By the end of this week you should be able to:

State the definition of independence two equivalent ways — as a product rule \(P(A \cap B) = P(A)\,P(B)\) and as a conditioning statement \(P(A \mid B) = P(A)\) — and explain why they say the same thing.
Explain clearly why independence is not the same as mutual exclusivity, and give an example of each.
Extend independence to several events and recognize that pairwise independence is weaker than full (mutual) independence.
Test a claim of independence against actual numbers instead of trusting intuition, using the commuter’s-morning world.
Recognize when an independence assumption is doing dangerous, unstated work in a calculation.

Core vocabulary

Independent events. Two events \(A\) and \(B\) are independent when the occurrence of one does not change the probability of the other. Symbolically, \(A \perp B\). The defining equation is \(P(A \cap B) = P(A)\,P(B)\).
Dependent events. Any two events that are not independent. Knowing one does shift the probability of the other (in either direction).
Mutually exclusive (disjoint) events. Events that cannot both happen: \(A \cap B = \varnothing\), so \(P(A \cap B) = 0\). This is a statement about overlap, and it is a completely different idea from independence (see the common mistake below).
Mutual (joint) independence. A collection of events is mutually independent when the product rule holds for the whole collection and every sub-collection — a stronger condition than checking the events two at a time.

Concept development

Independence as a product rule and as a conditioning statement

There are two ways to write independence, and they describe the same idea from two angles.

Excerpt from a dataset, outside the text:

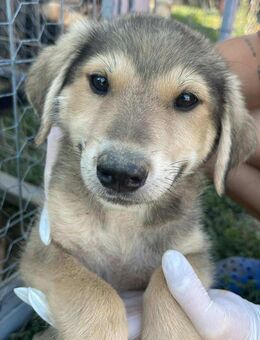 Lieber TEDDY sucht Für-Immer-Zuhause - Neuberg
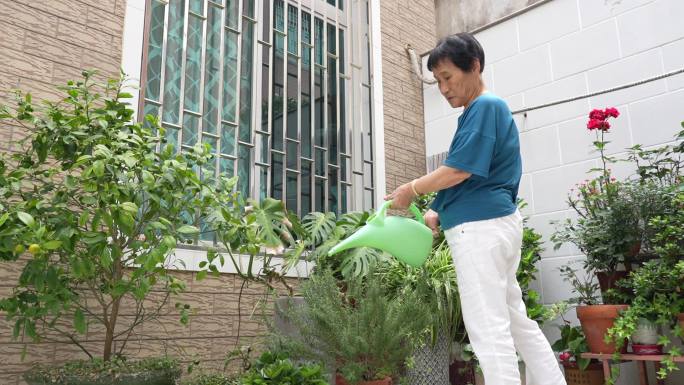 老人浇花 庭院 老人 退休 生活 南方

The product form says that the chance of both events happening is just the product of their separate chances:

\[ A \perp B \quad\Longleftrightarrow\quad P(A \cap B) = P(A)\,P(B). \]

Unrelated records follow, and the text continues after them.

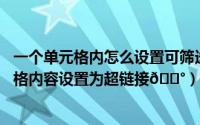 一个单元格内怎么设置可筛选内容（​Excel表格如何将单元格内容设置为超链接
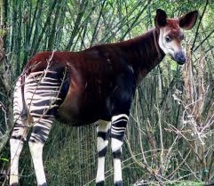 L'okapi, "la girafe des forêts", rejoint la liste rouge des espèces menacées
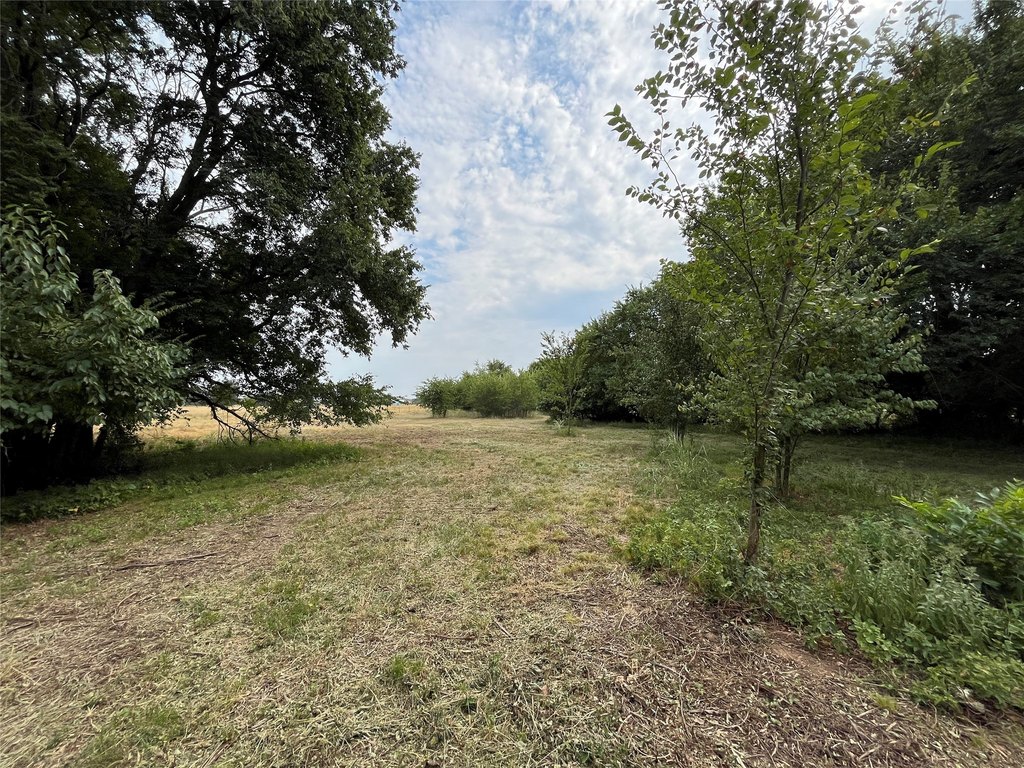 Picture 23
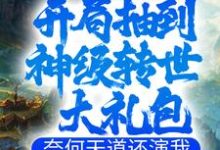 开局抽到神级转世大礼包,奈何天道还演我小说有没有完整的免费版本在线阅读?-红梅文学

The conditioning form comes from last week’s definition of conditional probability. As long as \(P(B) > 0\),

\[ P(A \mid B) = \frac{P(A \cap B)}{P(B)}. \]

Substitute the product form into the top of that fraction. If \(P(A \cap B) = P(A)\,P(B)\), then

\[ P(A \mid B) = \frac{P(A)\,P(B)}{P(B)} = P(A). \]

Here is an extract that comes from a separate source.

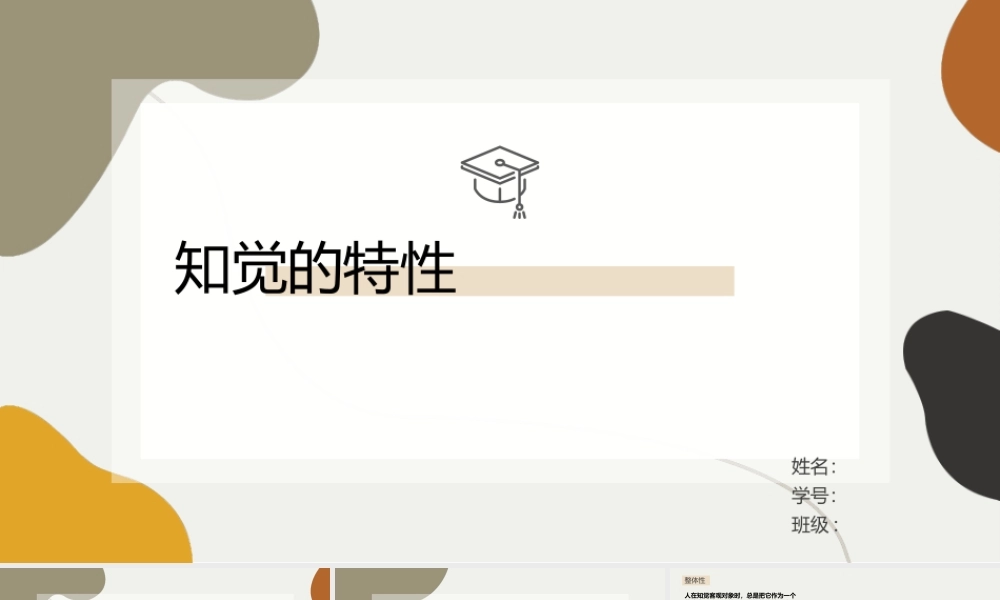 PPT模板之知觉的特性.pptx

So independence is exactly the statement that conditioning on \(B\) does not move the probability of \(A\): \(P(A \mid B) = P(A)\). By the same algebra, \(P(B \mid A) = P(B)\) too — the relationship is symmetric, which matches the intuition that “telling you nothing” should work both directions. The conditioning form is usually the most useful test in practice: pick the conditional probability you can compute, and check whether it equals the unconditional one.

Independence is not mutual exclusivity

These two ideas get confused constantly, so it is worth stating the contrast head-on, because they point in opposite directions.

Mutually exclusive events are events that block each other: if one happens, the other cannot. Drawing a single card that is “the king of hearts” and “a black card” are mutually exclusive — one card cannot be both. Here \(P(A \cap B) = 0\).

Independent events are events that ignore each other: if one happens, the other’s chance is unchanged. There is no blocking at all.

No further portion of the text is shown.